Continuing the conversation with my readers on the auto insurance issue, in which I recommend switching to liability insurance once your car’s value gets low, Kellie makes a point that’s worth covering:

I couldn’t get a car loan for my vehicle unless I had full comprehensive on it. So, I can’t switch to just liability until I pay for the entire thing. I wish it were always so cut and dry but it isn’t.

This is yet another example of why paying cash up front for your car is a tremendous deal. I’ve already covered in detail why paying cash is a better deal than getting a loan and a far better deal than getting a lease, conclusions that Money Magazine agrees with me on, but the truth of the matter is that it’s not easy to put yourself in a position to pay cash for a car, especially if you’re just getting started.
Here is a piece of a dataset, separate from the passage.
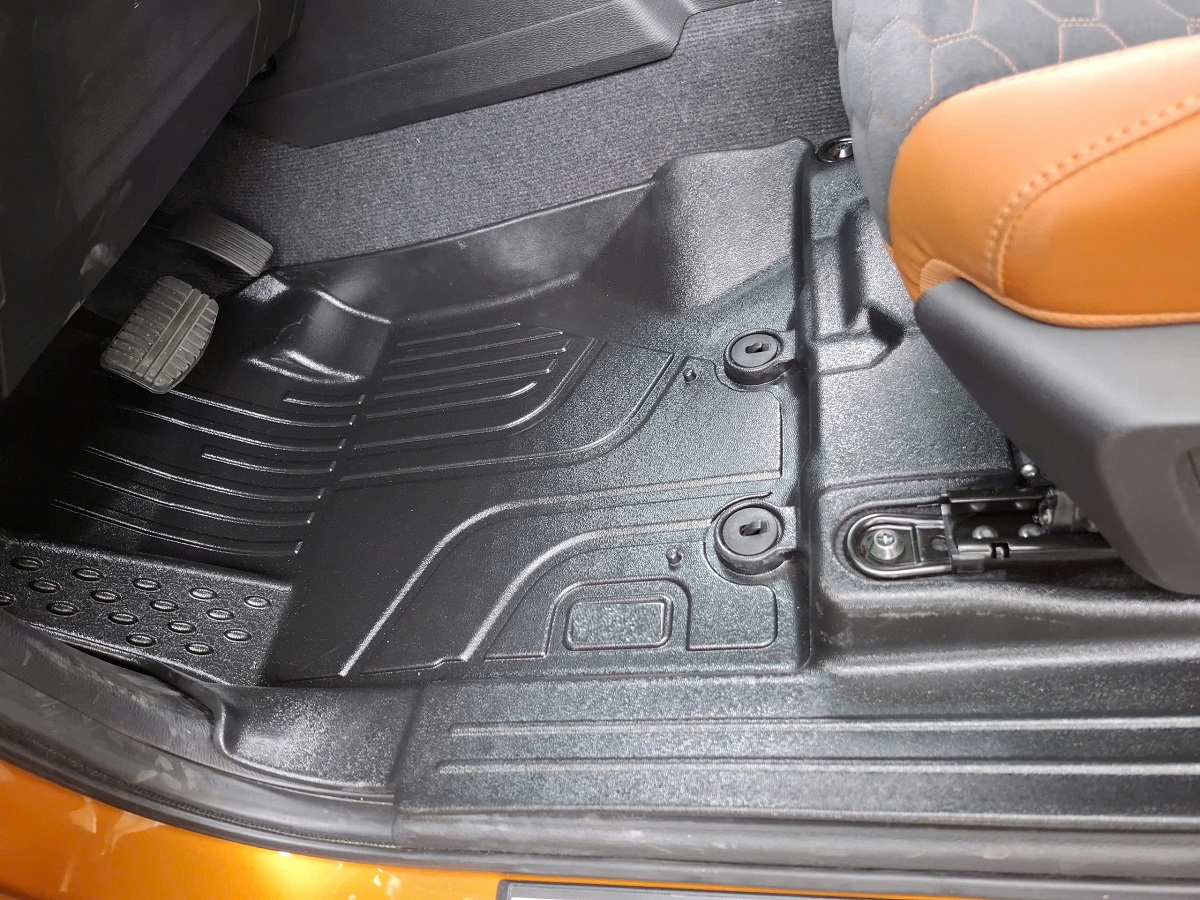 thảm lót sàn mitsubishi triton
So, here’s a plan for how you can actually put yourself in a position to pay cash for a future automobile purchase without changing your current budget. Sound good? Here’s what you do:

1. Buy a late model used car on a loan. I’m somewhat assuming that you’ve already done this. If you’re on a lease, don’t get into another one when you’re finished. Switch to a late model used and start making the payments on it.

2. Make your payments on that car automatically. Set up your accounts so that this bill is paid automatically. This is very important; you need to get into a routine of just knowing that that amount is going away each month and that it’s not part of your routine budget.

3. When the car is paid off, start an automatic savings plan with a high-yield savings account that deducts the exact same amount as the car payment you’re already used to paying. No change to your monthly budget or spending at all.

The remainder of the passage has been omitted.